A word-for-word reproduction of the data below is needed, with no pictures in it.

*** Opening Collected material ***

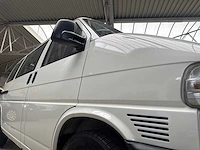 2000 volswagen transporter - afbeelding 7 van  30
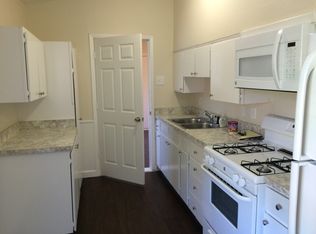 811 Jardin Dr, Mesquite, TX 75149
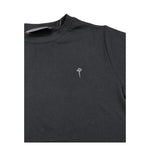 CESARE PACIOTTI TSP4155JXXNERO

*** Closing Collected material ***

## Your solution
 2000 volswagen transporter - afbeelding 7 van  30
 811 Jardin Dr, Mesquite, TX 75149
 CESARE PACIOTTI TSP4155JXXNERO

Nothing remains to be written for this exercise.